About this task
Print exactly the line with "5g Battle Hots" and every line after it, through the final line of the material below.

Dataset excerpt
◇ ◇ ◇ ◇
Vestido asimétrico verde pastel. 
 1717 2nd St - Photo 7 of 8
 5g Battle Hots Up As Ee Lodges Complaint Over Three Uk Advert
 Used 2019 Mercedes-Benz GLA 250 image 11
◇ ◇ ◇ ◇
Completed task
 5g Battle Hots Up As Ee Lodges Complaint Over Three Uk Advert
 Used 2019 Mercedes-Benz GLA 250 image 11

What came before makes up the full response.